Wednesday, February 10, 2010

Your Own Launch and Landing Pad





Greetings from snowy Northern Virginia! Regular, routine-driven days are a vague memory since schools have been closed since last Friday and won't reopen until Monday at the earliest. All this "free" time may be a good time to think about how your morning routine can shape your entire day. Do your mornings consist of mad dashes throughout the house looking for car keys, permission slip or library book? Is your cell phone dead? Are your children in a panic searching for their back packs, their gloves, their homework? If any of this sounds depressingly familiar, you may find the key to a less-harried morning routine is to add a launch and landing pad to your home’s most used entryway. It may be an area near your front door or, if you’re lucky, it may be a nice, big mudroom.
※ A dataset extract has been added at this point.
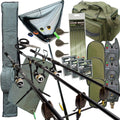 Karpfen Angelset komplett - Drei Ruten mit drei Rollen und Tragetaschen - Graphit und Metall in Schwarz Silber - 12 ft Ausführung mit 15 kg Gesamtgewicht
Simply put, a launch and landing pad is a designated area where routine items are placed upon entering your home (the landing pad) and taken upon leaving (launching you out the door). There may be a closet and ideally, the area is well-lit, includes a table, a wastebasket and hooks for bags, purses and backpacks. Each family member should have their own basket or shelf to keep small items such as keys, cell phones (an outlet and space for the charger is a big bonus) and wallets. The ability for each family member to “Grab and Go” important items is key to keeping the morning chaos to a minimum.

Depending on the ages of your children, you may want to place an “In and Out” box for them to put important papers for you to see and/or sign, or you may be the one digging through a back pack or “Friday Folder” for the must-have paperwork for the younger kids.

You can create a launch and landing pad even if you are space challenged. We live in an early-1960’s split foyer. The “foyer” consists of a 4’ x 7’ entry way with a small coat closet. I’ve created my launch and landing pad on the floor just inside one of eye-level stairway dowels. It’s unobtrusive yet very accessible for my keys, sunglasses and any other small items I need to make sure I take with me in the mornings.

For smoother, less chaotic mornings in 2010, get your family into the habit of placing important items on the landing pad when they walk in the door and, conversely, making sure that everything is in its place on the launch pad before they go to bed at night. Everyone deserves to start off their day in a confident, relaxed state of mind. That goes for you and your kids!